HOW TO COMPLETE THIS TASK -
Images should be omitted while the rest of the data is duplicated exactly.
(DATA IN THIS EXERCISE Opens)
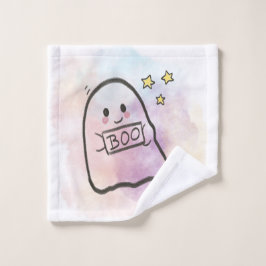 Little ghost boo sign  ウォッシュタオル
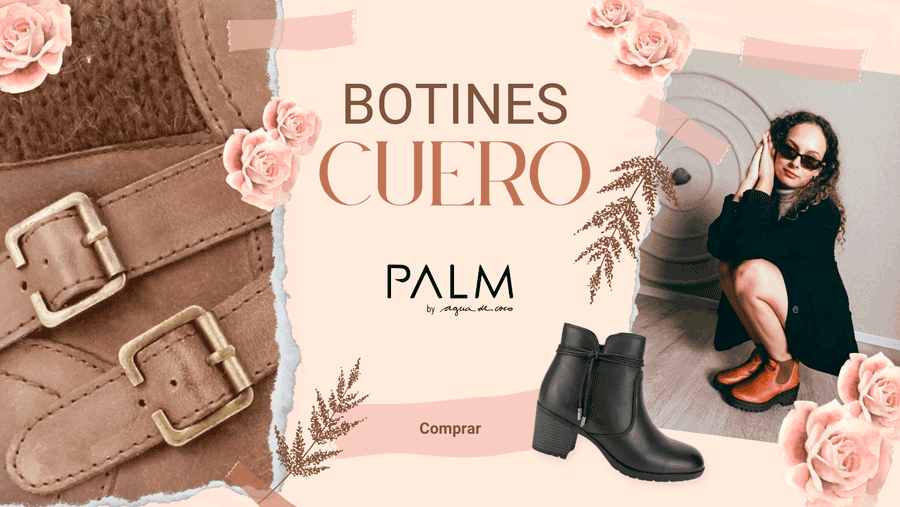 botines de cuero para mujer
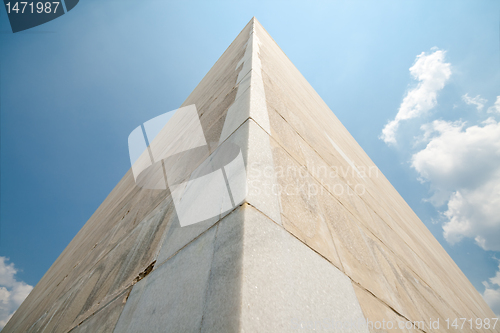 Image of Wide angle shot of Washington Monument in Washington DC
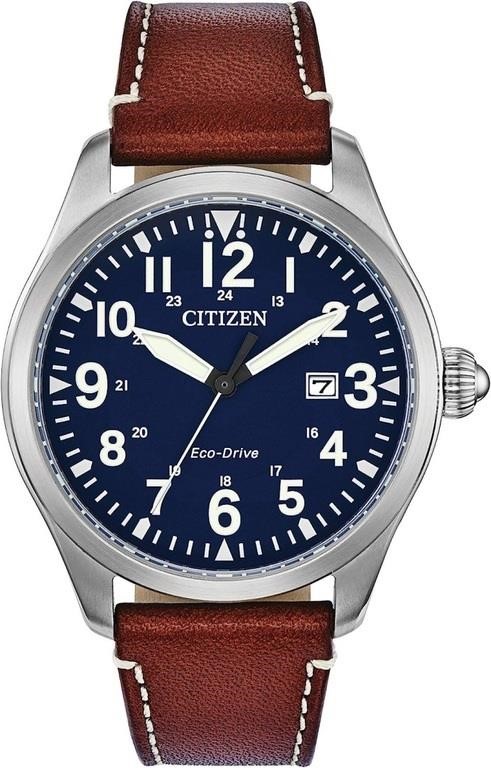 Citizen Garrison Eco-drive Blue Dial Men's Watch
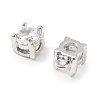 Brass Micro Pave Cubic Zirconia Pendants KK-D382-04P-01-2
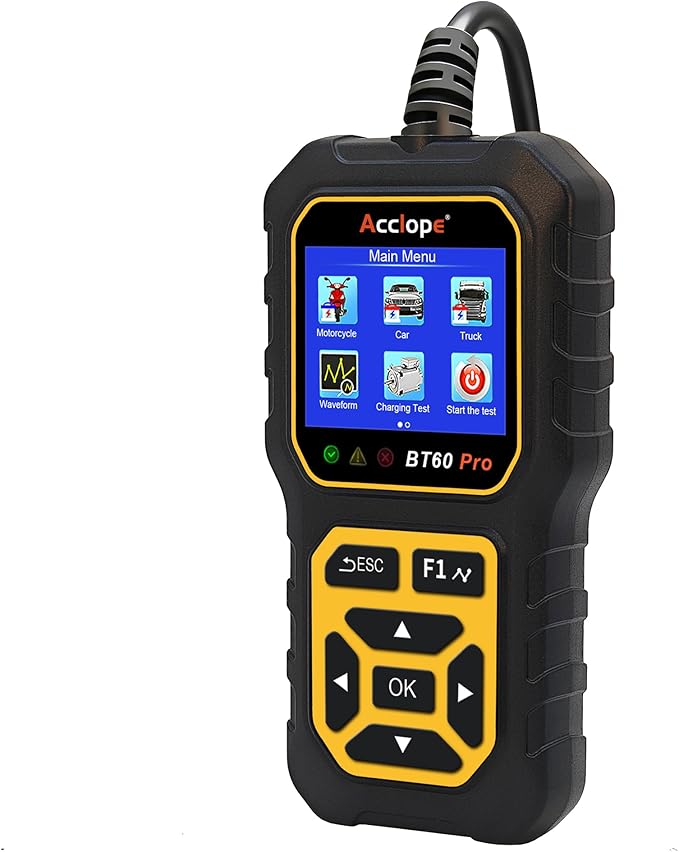 Acclope BT60 Pro Car Battery Tester, Digital Analyzer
(DATA IN THIS EXERCISE Closes)
RESPONSE TO THE TASK -
 Little ghost boo sign  ウォッシュタオル
 botines de cuero para mujer
 Image of Wide angle shot of Washington Monument in Washington DC
 Citizen Garrison Eco-drive Blue Dial Men's Watch
 Brass Micro Pave Cubic Zirconia Pendants KK-D382-04P-01-2
 Acclope BT60 Pro Car Battery Tester, Digital Analyzer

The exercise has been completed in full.